- _PROBLEM REQUIREMENTS_: The records follow. Print, word for word, the first line through the "Lampe de chevet" line.

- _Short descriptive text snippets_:
◇ ◇ ◇ ◇ ◇

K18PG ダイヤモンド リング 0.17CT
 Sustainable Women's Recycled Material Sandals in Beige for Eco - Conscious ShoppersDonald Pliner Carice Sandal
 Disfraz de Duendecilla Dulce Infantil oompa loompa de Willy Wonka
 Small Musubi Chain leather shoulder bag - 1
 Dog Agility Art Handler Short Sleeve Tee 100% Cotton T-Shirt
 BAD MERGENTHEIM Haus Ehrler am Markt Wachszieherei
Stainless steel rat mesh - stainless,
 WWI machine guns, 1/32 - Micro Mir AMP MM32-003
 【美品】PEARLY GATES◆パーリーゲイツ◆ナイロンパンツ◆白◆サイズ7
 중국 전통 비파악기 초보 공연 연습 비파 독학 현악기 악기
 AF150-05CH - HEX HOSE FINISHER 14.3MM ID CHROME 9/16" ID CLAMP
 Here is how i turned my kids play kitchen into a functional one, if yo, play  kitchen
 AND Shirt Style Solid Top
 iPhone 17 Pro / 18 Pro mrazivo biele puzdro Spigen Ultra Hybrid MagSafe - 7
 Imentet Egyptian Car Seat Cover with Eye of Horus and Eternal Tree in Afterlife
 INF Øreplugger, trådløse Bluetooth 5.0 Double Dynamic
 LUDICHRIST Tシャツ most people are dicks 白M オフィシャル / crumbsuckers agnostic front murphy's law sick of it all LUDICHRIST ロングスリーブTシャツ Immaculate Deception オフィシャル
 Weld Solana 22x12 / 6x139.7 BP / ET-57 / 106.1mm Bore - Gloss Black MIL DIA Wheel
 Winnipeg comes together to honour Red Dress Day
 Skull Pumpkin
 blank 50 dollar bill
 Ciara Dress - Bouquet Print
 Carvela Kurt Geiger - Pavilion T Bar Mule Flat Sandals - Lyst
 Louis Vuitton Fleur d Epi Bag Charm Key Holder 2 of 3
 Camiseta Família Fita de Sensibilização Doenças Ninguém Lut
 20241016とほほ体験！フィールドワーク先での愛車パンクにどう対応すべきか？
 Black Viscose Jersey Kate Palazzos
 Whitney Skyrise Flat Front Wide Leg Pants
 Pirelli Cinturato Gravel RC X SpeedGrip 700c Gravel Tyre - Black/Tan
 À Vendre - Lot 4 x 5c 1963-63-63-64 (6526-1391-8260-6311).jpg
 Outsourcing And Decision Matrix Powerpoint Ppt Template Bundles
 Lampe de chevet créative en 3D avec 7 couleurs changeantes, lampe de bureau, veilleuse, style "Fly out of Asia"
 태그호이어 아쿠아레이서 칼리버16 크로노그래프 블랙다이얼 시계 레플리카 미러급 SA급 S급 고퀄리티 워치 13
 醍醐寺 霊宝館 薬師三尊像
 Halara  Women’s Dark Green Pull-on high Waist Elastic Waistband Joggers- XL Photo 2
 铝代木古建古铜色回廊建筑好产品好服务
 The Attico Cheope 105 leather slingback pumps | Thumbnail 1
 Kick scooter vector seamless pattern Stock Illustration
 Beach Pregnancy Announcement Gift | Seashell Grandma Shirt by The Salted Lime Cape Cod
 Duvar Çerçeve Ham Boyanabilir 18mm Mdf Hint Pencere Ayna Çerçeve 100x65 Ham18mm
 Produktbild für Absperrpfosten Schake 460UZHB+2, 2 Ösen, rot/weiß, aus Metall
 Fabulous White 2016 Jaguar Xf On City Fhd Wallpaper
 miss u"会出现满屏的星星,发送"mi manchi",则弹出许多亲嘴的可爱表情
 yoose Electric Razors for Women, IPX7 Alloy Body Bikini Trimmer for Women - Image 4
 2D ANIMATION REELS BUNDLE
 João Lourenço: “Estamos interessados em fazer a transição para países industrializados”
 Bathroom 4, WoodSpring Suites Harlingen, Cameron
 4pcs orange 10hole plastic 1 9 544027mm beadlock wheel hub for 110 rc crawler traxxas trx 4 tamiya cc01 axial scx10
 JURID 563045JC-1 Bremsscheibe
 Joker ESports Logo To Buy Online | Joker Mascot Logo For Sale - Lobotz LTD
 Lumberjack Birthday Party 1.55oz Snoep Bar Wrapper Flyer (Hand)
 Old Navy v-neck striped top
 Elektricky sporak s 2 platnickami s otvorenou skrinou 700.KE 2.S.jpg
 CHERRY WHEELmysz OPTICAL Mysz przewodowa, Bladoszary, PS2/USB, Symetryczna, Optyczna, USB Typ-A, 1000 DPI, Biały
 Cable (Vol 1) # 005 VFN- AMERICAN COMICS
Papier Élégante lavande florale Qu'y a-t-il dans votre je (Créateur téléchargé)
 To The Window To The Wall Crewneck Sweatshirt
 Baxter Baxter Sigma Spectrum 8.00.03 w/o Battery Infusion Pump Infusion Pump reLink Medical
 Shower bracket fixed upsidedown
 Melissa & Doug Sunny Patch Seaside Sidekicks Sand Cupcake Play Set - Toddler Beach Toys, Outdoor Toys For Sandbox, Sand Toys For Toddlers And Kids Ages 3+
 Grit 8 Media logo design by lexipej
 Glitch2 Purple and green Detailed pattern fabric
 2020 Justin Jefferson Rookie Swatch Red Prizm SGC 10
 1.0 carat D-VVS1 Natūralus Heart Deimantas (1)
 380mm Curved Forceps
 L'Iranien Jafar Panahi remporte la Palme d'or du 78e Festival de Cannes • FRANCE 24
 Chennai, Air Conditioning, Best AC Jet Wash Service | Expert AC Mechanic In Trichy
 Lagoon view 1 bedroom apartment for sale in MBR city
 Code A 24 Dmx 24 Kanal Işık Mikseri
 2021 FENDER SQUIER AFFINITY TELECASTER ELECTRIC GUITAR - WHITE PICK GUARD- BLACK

◇ ◇ ◇ ◇ ◇

- _SOLUTION FOR THIS EXERCISE_:
K18PG ダイヤモンド リング 0.17CT
 Sustainable Women's Recycled Material Sandals in Beige for Eco - Conscious ShoppersDonald Pliner Carice Sandal
 Disfraz de Duendecilla Dulce Infantil oompa loompa de Willy Wonka
 Small Musubi Chain leather shoulder bag - 1
 Dog Agility Art Handler Short Sleeve Tee 100% Cotton T-Shirt
 BAD MERGENTHEIM Haus Ehrler am Markt Wachszieherei
Stainless steel rat mesh - stainless,
 WWI machine guns, 1/32 - Micro Mir AMP MM32-003
 【美品】PEARLY GATES◆パーリーゲイツ◆ナイロンパンツ◆白◆サイズ7
 중국 전통 비파악기 초보 공연 연습 비파 독학 현악기 악기
 AF150-05CH - HEX HOSE FINISHER 14.3MM ID CHROME 9/16" ID CLAMP
 Here is how i turned my kids play kitchen into a functional one, if yo, play  kitchen
 AND Shirt Style Solid Top
 iPhone 17 Pro / 18 Pro mrazivo biele puzdro Spigen Ultra Hybrid MagSafe - 7
 Imentet Egyptian Car Seat Cover with Eye of Horus and Eternal Tree in Afterlife
 INF Øreplugger, trådløse Bluetooth 5.0 Double Dynamic
 LUDICHRIST Tシャツ most people are dicks 白M オフィシャル / crumbsuckers agnostic front murphy's law sick of it all LUDICHRIST ロングスリーブTシャツ Immaculate Deception オフィシャル
 Weld Solana 22x12 / 6x139.7 BP / ET-57 / 106.1mm Bore - Gloss Black MIL DIA Wheel
 Winnipeg comes together to honour Red Dress Day
 Skull Pumpkin
 blank 50 dollar bill
 Ciara Dress - Bouquet Print
 Carvela Kurt Geiger - Pavilion T Bar Mule Flat Sandals - Lyst
 Louis Vuitton Fleur d Epi Bag Charm Key Holder 2 of 3
 Camiseta Família Fita de Sensibilização Doenças Ninguém Lut
 20241016とほほ体験！フィールドワーク先での愛車パンクにどう対応すべきか？
 Black Viscose Jersey Kate Palazzos
 Whitney Skyrise Flat Front Wide Leg Pants
 Pirelli Cinturato Gravel RC X SpeedGrip 700c Gravel Tyre - Black/Tan
 À Vendre - Lot 4 x 5c 1963-63-63-64 (6526-1391-8260-6311).jpg
 Outsourcing And Decision Matrix Powerpoint Ppt Template Bundles
 Lampe de chevet créative en 3D avec 7 couleurs changeantes, lampe de bureau, veilleuse, style "Fly out of Asia"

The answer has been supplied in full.